→ THE TASK
Write out the complete data exactly as written.

→ PROVIDED DATA
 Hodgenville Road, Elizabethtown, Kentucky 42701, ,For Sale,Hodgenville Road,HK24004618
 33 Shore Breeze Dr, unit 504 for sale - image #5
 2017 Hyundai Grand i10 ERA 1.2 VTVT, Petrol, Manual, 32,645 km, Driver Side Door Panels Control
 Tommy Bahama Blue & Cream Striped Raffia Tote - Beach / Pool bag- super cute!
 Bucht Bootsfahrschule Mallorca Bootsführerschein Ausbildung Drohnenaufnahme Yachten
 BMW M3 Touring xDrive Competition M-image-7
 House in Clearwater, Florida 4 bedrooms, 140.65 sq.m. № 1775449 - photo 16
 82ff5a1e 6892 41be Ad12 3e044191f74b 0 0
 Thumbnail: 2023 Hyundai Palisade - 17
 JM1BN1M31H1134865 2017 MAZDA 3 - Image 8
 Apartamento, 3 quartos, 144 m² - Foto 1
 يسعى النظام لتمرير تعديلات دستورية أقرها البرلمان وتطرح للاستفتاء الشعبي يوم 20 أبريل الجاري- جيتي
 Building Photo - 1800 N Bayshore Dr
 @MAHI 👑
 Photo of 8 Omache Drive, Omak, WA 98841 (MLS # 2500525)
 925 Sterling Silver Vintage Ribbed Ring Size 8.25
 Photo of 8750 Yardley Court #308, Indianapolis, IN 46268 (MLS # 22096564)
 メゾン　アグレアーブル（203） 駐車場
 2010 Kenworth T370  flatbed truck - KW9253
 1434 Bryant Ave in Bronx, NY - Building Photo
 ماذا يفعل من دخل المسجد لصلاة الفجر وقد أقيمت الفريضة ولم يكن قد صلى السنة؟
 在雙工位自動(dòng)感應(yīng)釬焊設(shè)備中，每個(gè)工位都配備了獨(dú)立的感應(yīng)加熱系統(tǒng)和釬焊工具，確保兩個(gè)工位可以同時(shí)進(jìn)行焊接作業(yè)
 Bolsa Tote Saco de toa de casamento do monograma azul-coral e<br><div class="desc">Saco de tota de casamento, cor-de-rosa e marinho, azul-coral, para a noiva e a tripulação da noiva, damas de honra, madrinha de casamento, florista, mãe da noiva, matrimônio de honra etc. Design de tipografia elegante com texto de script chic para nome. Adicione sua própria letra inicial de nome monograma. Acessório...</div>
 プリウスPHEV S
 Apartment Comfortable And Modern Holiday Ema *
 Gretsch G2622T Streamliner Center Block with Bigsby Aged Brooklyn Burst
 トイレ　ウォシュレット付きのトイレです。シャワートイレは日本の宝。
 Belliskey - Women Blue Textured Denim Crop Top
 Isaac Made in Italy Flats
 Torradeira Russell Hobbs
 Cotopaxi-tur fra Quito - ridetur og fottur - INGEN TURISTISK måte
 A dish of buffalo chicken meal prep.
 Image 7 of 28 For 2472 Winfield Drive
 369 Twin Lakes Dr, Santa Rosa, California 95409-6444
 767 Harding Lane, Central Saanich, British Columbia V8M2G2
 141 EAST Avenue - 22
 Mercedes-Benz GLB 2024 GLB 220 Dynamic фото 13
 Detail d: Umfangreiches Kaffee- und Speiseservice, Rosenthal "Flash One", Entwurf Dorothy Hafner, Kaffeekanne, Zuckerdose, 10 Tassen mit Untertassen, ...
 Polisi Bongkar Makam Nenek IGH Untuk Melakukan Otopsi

→ RESULT
 Hodgenville Road, Elizabethtown, Kentucky 42701, ,For Sale,Hodgenville Road,HK24004618
 33 Shore Breeze Dr, unit 504 for sale - image #5
 2017 Hyundai Grand i10 ERA 1.2 VTVT, Petrol, Manual, 32,645 km, Driver Side Door Panels Control
 Tommy Bahama Blue & Cream Striped Raffia Tote - Beach / Pool bag- super cute!
 Bucht Bootsfahrschule Mallorca Bootsführerschein Ausbildung Drohnenaufnahme Yachten
 BMW M3 Touring xDrive Competition M-image-7
 House in Clearwater, Florida 4 bedrooms, 140.65 sq.m. № 1775449 - photo 16
 82ff5a1e 6892 41be Ad12 3e044191f74b 0 0
 Thumbnail: 2023 Hyundai Palisade - 17
 JM1BN1M31H1134865 2017 MAZDA 3 - Image 8
 Apartamento, 3 quartos, 144 m² - Foto 1
 يسعى النظام لتمرير تعديلات دستورية أقرها البرلمان وتطرح للاستفتاء الشعبي يوم 20 أبريل الجاري- جيتي
 Building Photo - 1800 N Bayshore Dr
 @MAHI 👑
 Photo of 8 Omache Drive, Omak, WA 98841 (MLS # 2500525)
 925 Sterling Silver Vintage Ribbed Ring Size 8.25
 Photo of 8750 Yardley Court #308, Indianapolis, IN 46268 (MLS # 22096564)
 メゾン　アグレアーブル（203） 駐車場
 2010 Kenworth T370  flatbed truck - KW9253
 1434 Bryant Ave in Bronx, NY - Building Photo
 ماذا يفعل من دخل المسجد لصلاة الفجر وقد أقيمت الفريضة ولم يكن قد صلى السنة؟
 在雙工位自動(dòng)感應(yīng)釬焊設(shè)備中，每個(gè)工位都配備了獨(dú)立的感應(yīng)加熱系統(tǒng)和釬焊工具，確保兩個(gè)工位可以同時(shí)進(jìn)行焊接作業(yè)
 Bolsa Tote Saco de toa de casamento do monograma azul-coral e<br><div class="desc">Saco de tota de casamento, cor-de-rosa e marinho, azul-coral, para a noiva e a tripulação da noiva, damas de honra, madrinha de casamento, florista, mãe da noiva, matrimônio de honra etc. Design de tipografia elegante com texto de script chic para nome. Adicione sua própria letra inicial de nome monograma. Acessório...</div>
 プリウスPHEV S
 Apartment Comfortable And Modern Holiday Ema *
 Gretsch G2622T Streamliner Center Block with Bigsby Aged Brooklyn Burst
 トイレ　ウォシュレット付きのトイレです。シャワートイレは日本の宝。
 Belliskey - Women Blue Textured Denim Crop Top
 Isaac Made in Italy Flats
 Torradeira Russell Hobbs
 Cotopaxi-tur fra Quito - ridetur og fottur - INGEN TURISTISK måte
 A dish of buffalo chicken meal prep.
 Image 7 of 28 For 2472 Winfield Drive
 369 Twin Lakes Dr, Santa Rosa, California 95409-6444
 767 Harding Lane, Central Saanich, British Columbia V8M2G2
 141 EAST Avenue - 22
 Mercedes-Benz GLB 2024 GLB 220 Dynamic фото 13
 Detail d: Umfangreiches Kaffee- und Speiseservice, Rosenthal "Flash One", Entwurf Dorothy Hafner, Kaffeekanne, Zuckerdose, 10 Tassen mit Untertassen, ...
 Polisi Bongkar Makam Nenek IGH Untuk Melakukan Otopsi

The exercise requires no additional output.